━━ Dataset records ━━

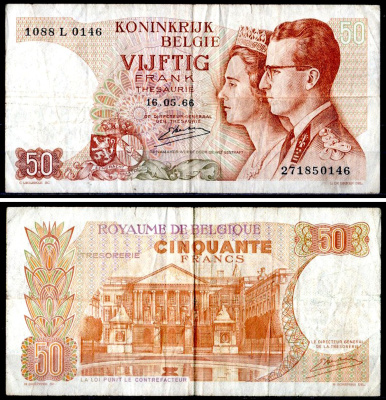 Бельгия 50 франков 1966 Pick 139 (3) бумага 6300-19-1-1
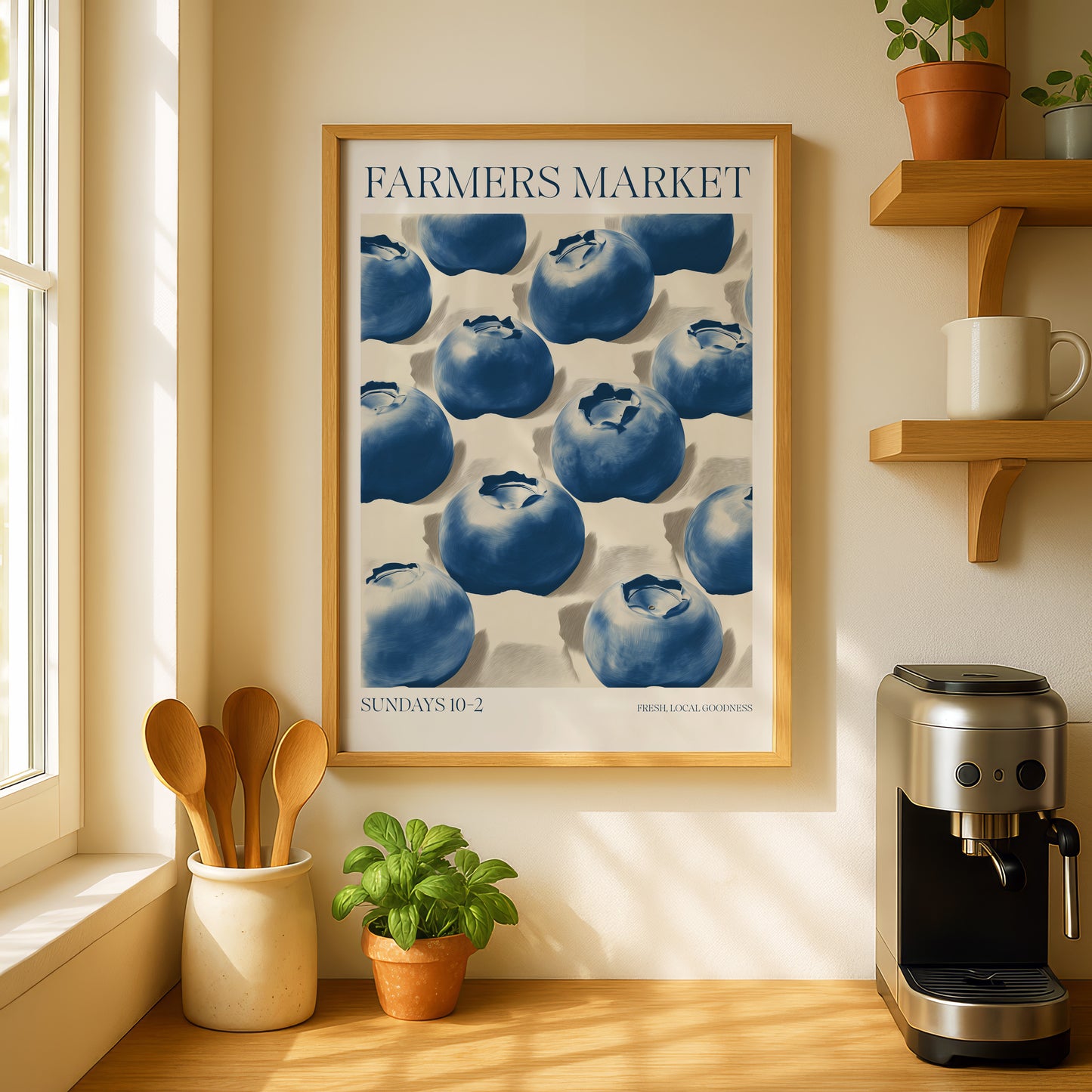 a kitchen counter with a framed poster of blueberries hanging on the wall above a coffee maker. The poster has a blueberry design and the text "Farmers Market" written on it. The kitchen counter also has a plant, a coffee maker, and a wooden shelf with a potted plant.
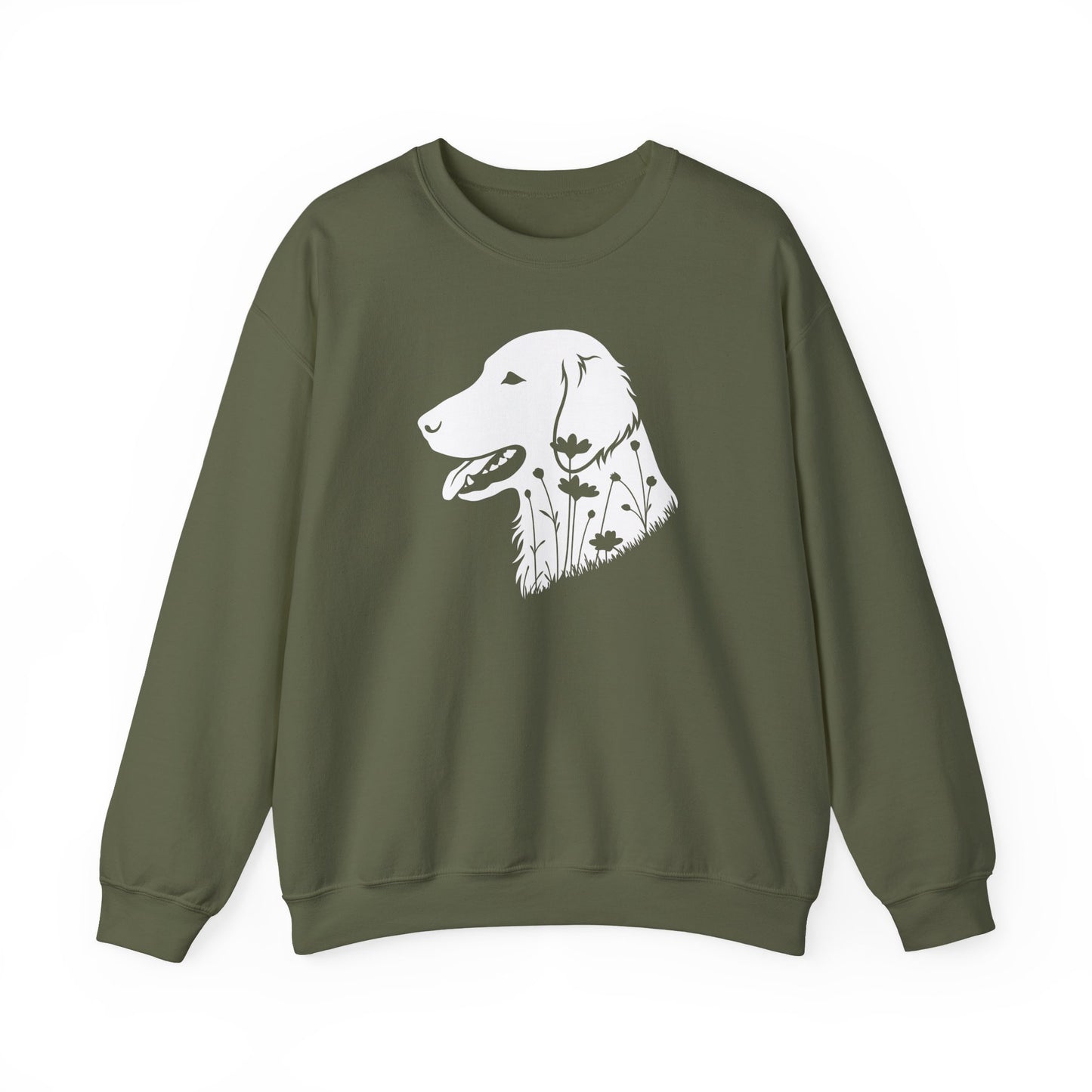 Flat Coated Retriever Flowers Crewneck Sweatshirt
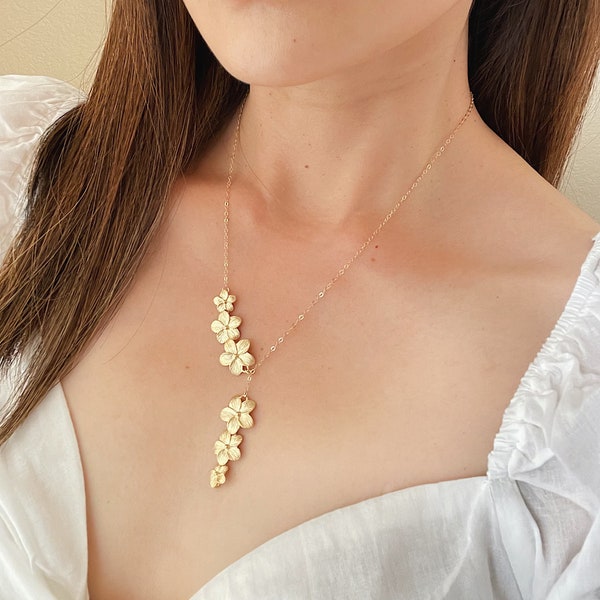 Gold Plumeria Lariat Necklace - Gold Plumeria Necklace, Plumeria Flower Necklace, Gold Necklace, Y Necklace, Hawaii Jewelry, Hawaii Wedding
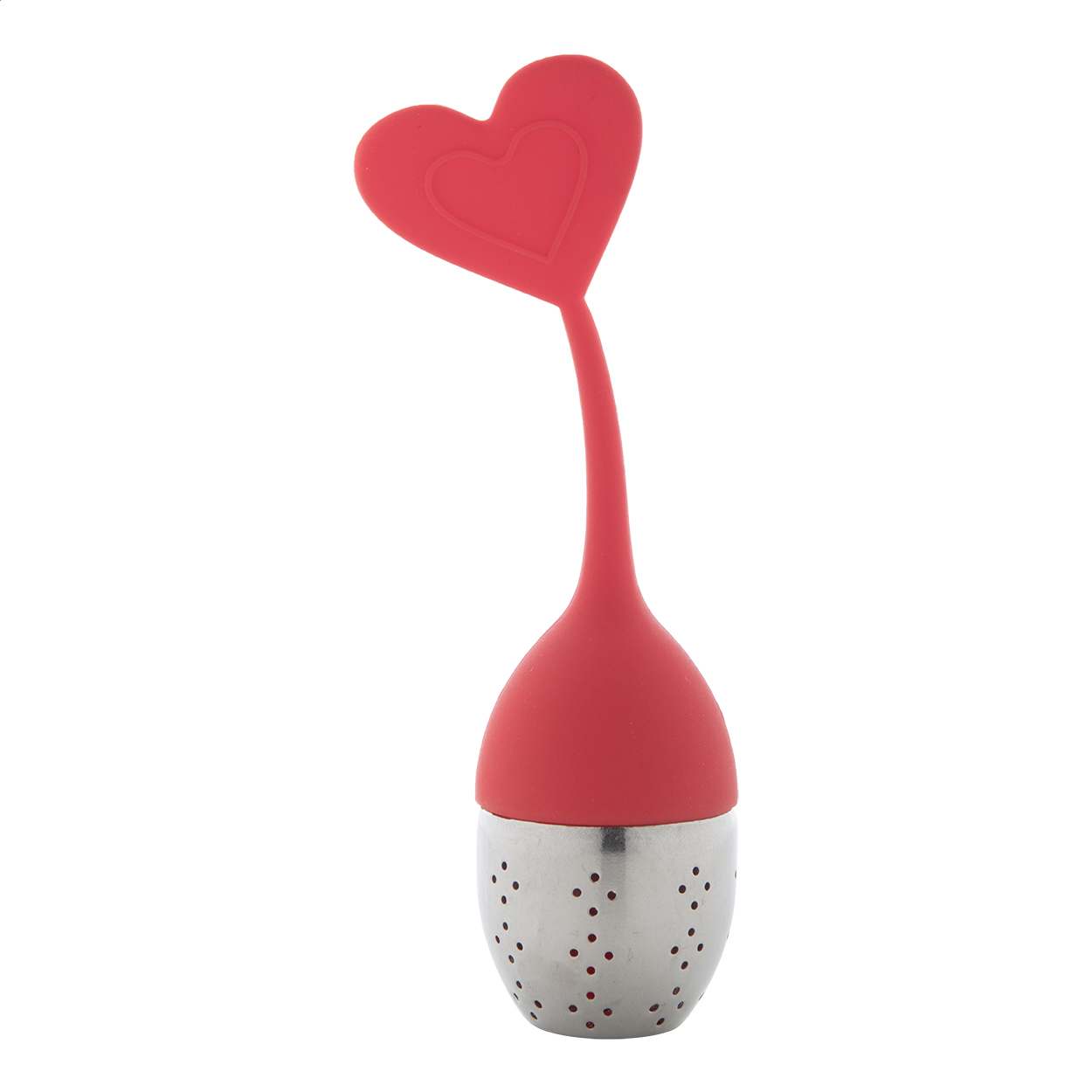 Infuseur à thé Jasmin personnalisé en silicone et inox, décor feuille imprimé avec logo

━━━

Repeat the records above exactly, without any pictures.

Output of the task:
 Бельгия 50 франков 1966 Pick 139 (3) бумага 6300-19-1-1
 a kitchen counter with a framed poster of blueberries hanging on the wall above a coffee maker. The poster has a blueberry design and the text "Farmers Market" written on it. The kitchen counter also has a plant, a coffee maker, and a wooden shelf with a potted plant.
 Flat Coated Retriever Flowers Crewneck Sweatshirt
 Gold Plumeria Lariat Necklace - Gold Plumeria Necklace, Plumeria Flower Necklace, Gold Necklace, Y Necklace, Hawaii Jewelry, Hawaii Wedding
 Infuseur à thé Jasmin personnalisé en silicone et inox, décor feuille imprimé avec logo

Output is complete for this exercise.